Start of Block

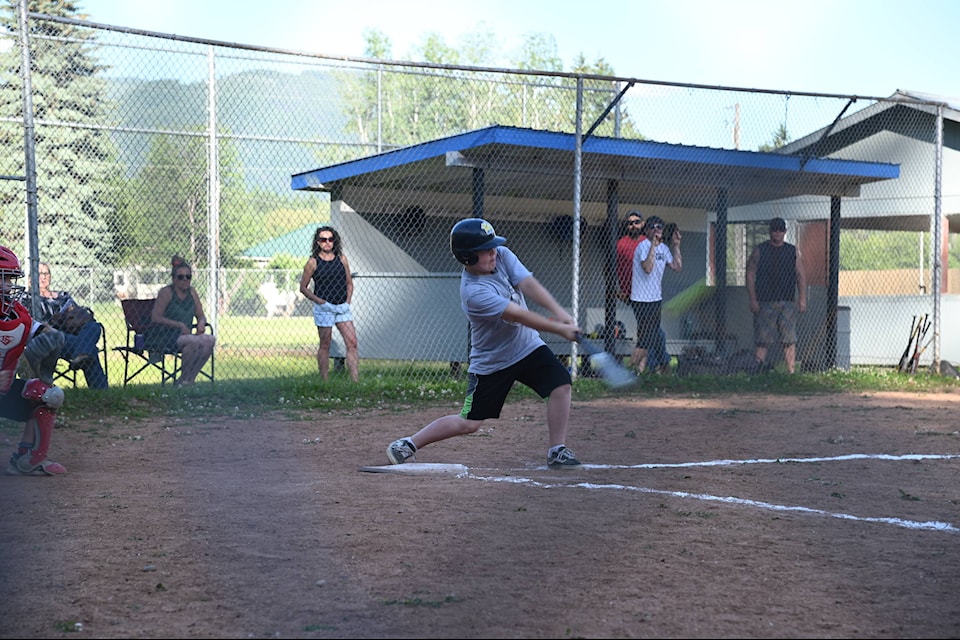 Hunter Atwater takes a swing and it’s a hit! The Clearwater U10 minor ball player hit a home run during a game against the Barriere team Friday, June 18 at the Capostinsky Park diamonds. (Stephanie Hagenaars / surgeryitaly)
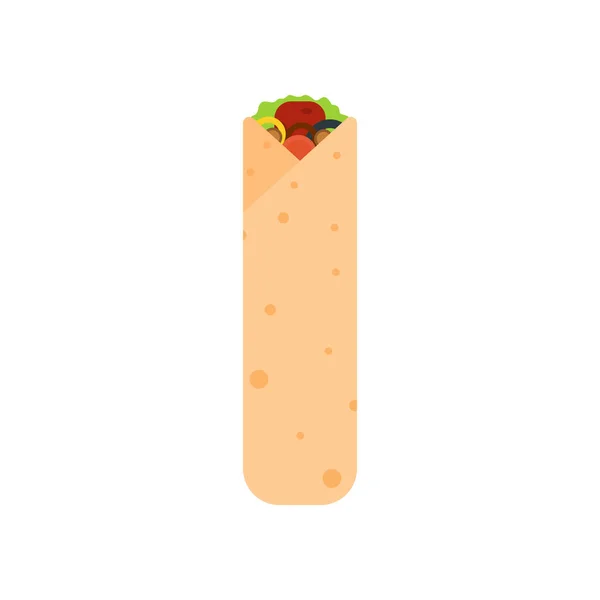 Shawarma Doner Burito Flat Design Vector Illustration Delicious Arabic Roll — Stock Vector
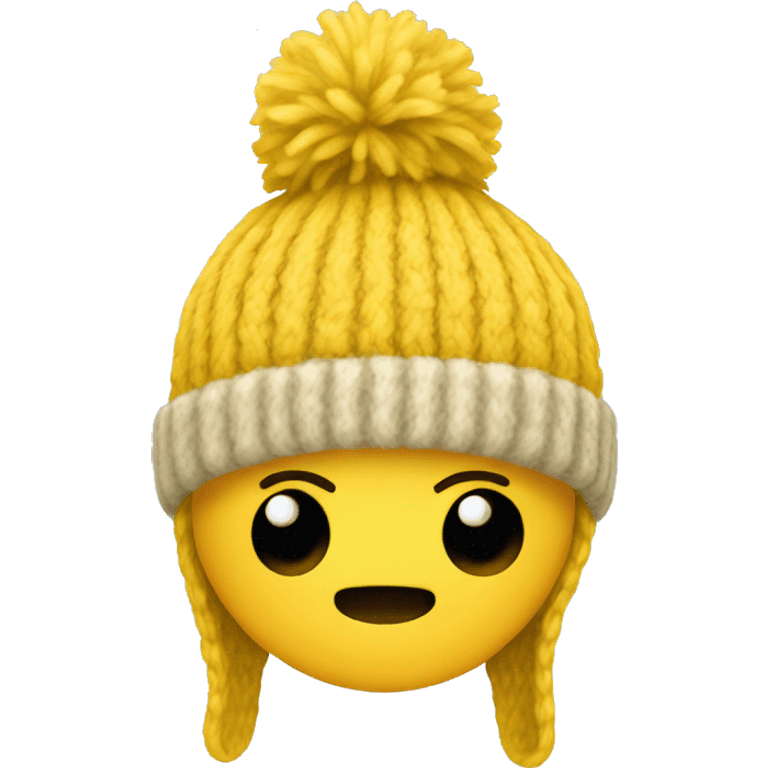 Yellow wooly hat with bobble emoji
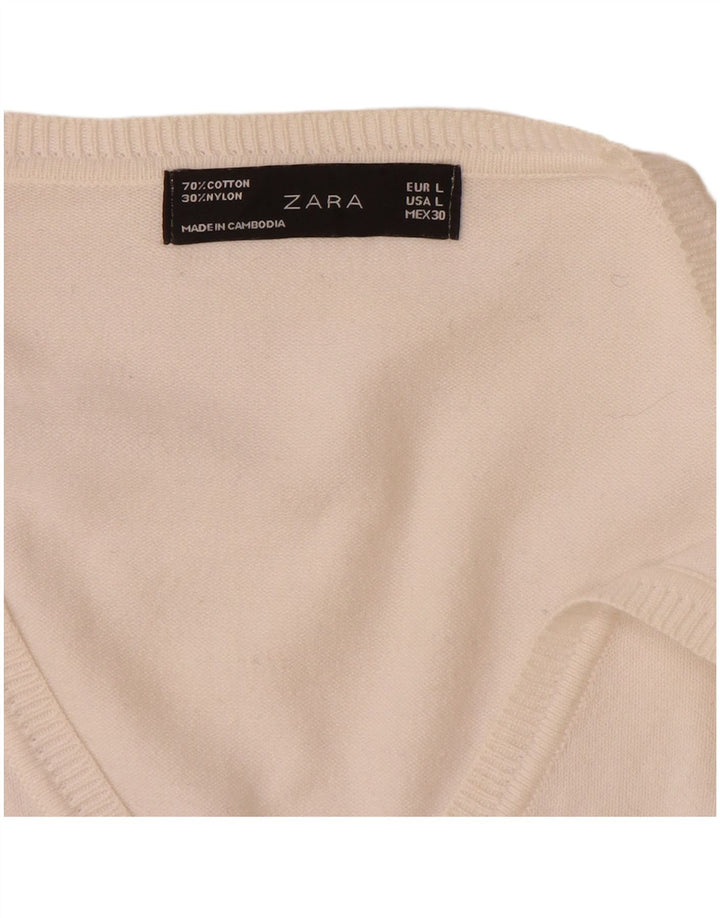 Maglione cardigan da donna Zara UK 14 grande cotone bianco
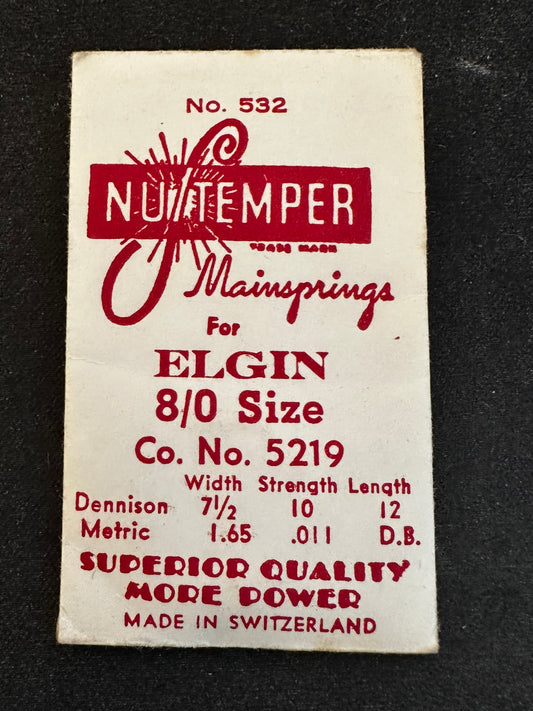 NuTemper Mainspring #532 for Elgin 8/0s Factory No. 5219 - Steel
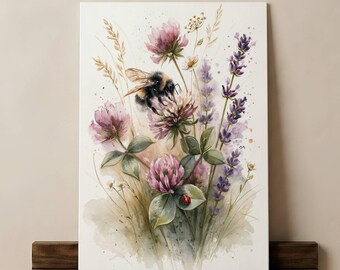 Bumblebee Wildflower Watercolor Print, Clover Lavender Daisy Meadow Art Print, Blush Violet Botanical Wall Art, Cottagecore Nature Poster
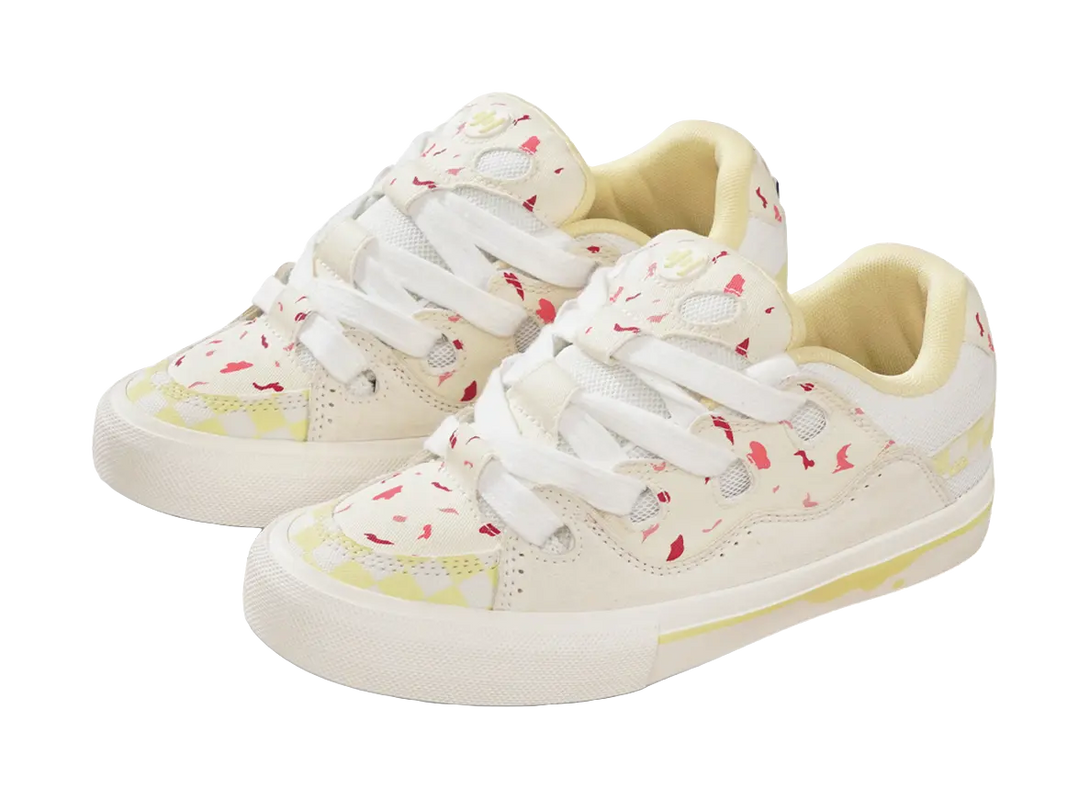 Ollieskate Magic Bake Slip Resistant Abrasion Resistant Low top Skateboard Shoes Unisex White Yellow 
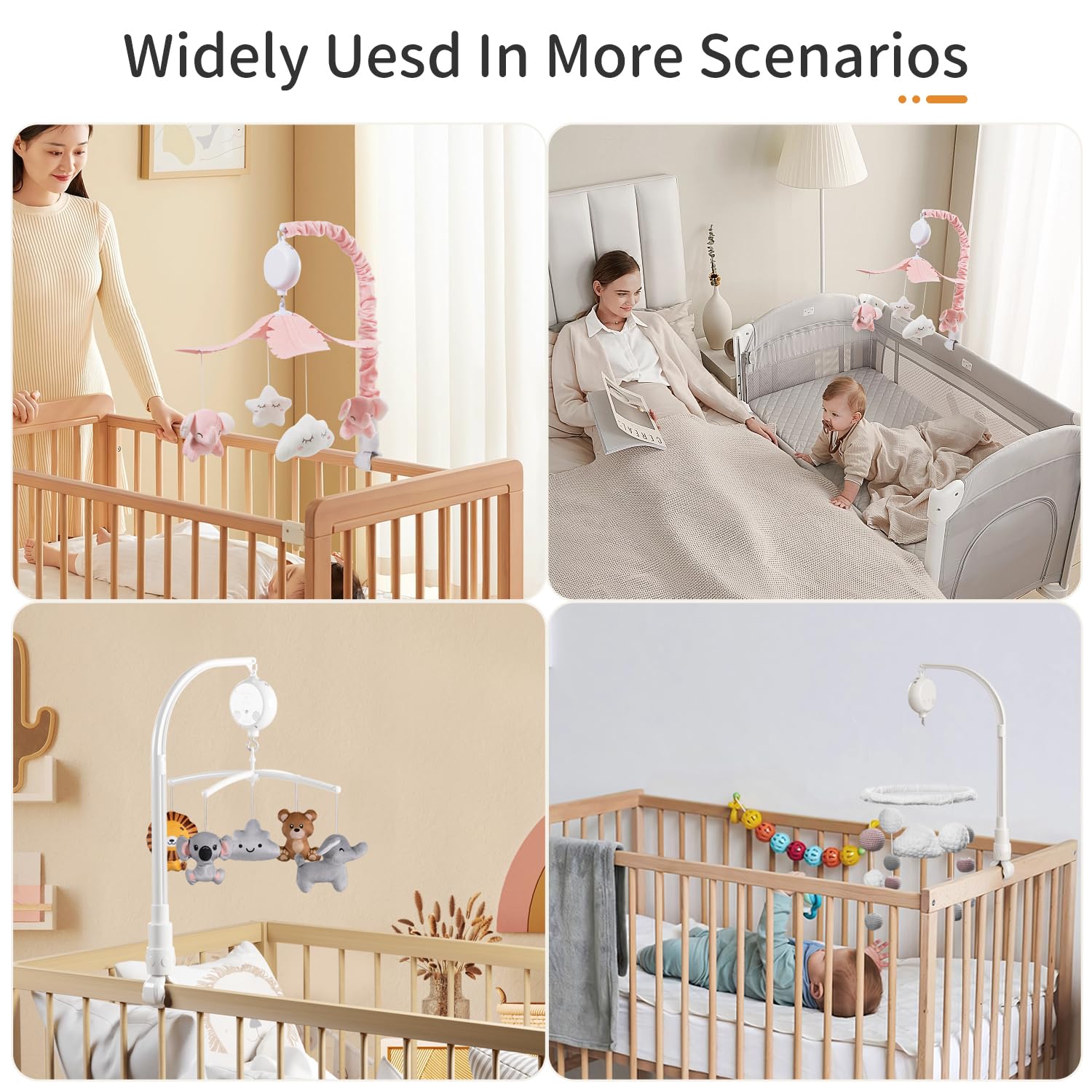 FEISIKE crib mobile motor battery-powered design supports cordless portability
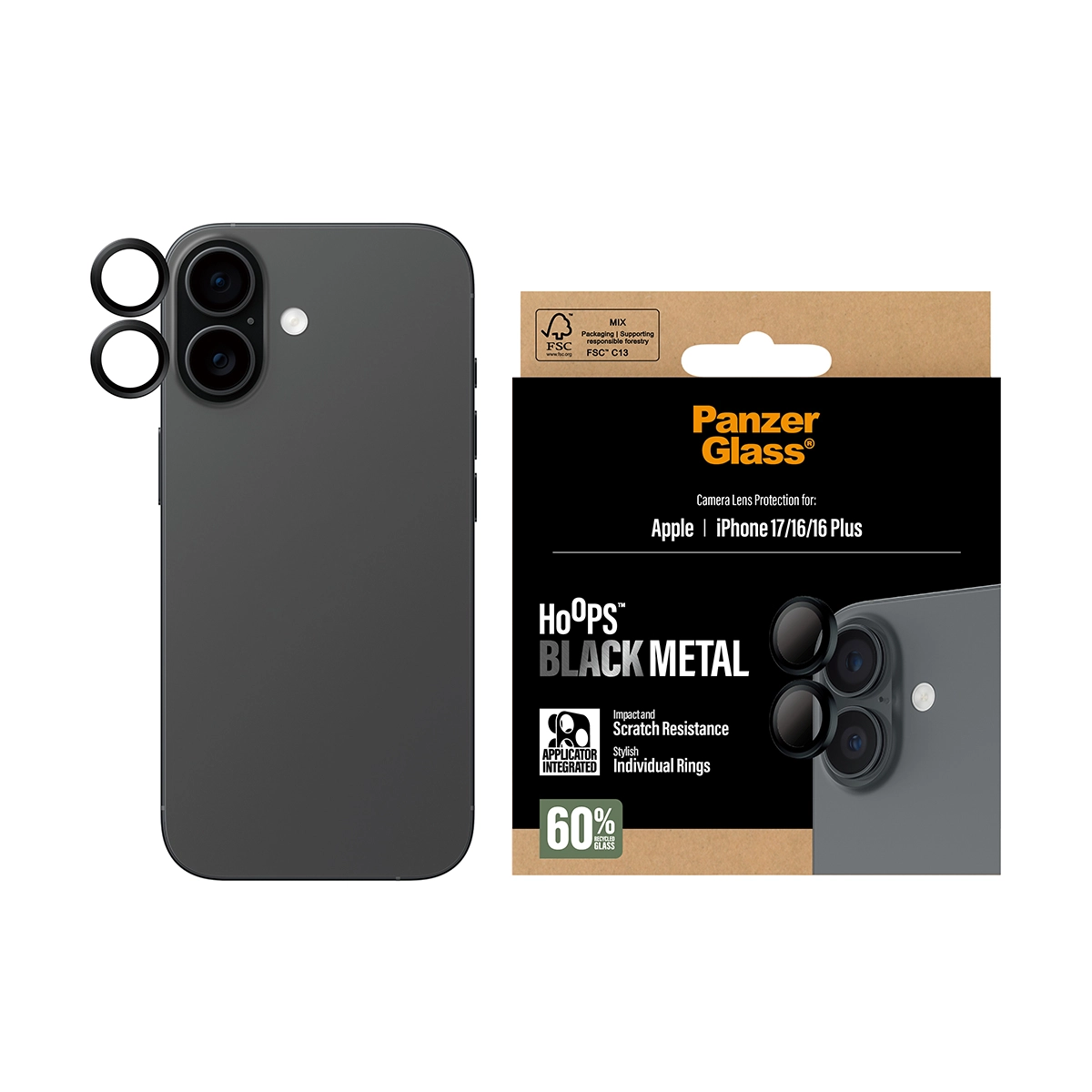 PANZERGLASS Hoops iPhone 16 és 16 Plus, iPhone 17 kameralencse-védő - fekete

End of Block

▸ EXERCISE BRIEF
Your copy must consist solely of the lines from the one containing "NuTemper Mainspring #532" through the final line of the material above, transcribed exactly, with the pictures left out.

▸ ANSWER TO THE EXERCISE
 NuTemper Mainspring #532 for Elgin 8/0s Factory No. 5219 - Steel
 Bumblebee Wildflower Watercolor Print, Clover Lavender Daisy Meadow Art Print, Blush Violet Botanical Wall Art, Cottagecore Nature Poster
 Ollieskate Magic Bake Slip Resistant Abrasion Resistant Low top Skateboard Shoes Unisex White Yellow 
 FEISIKE crib mobile motor battery-powered design supports cordless portability
 PANZERGLASS Hoops iPhone 16 és 16 Plus, iPhone 17 kameralencse-védő - fekete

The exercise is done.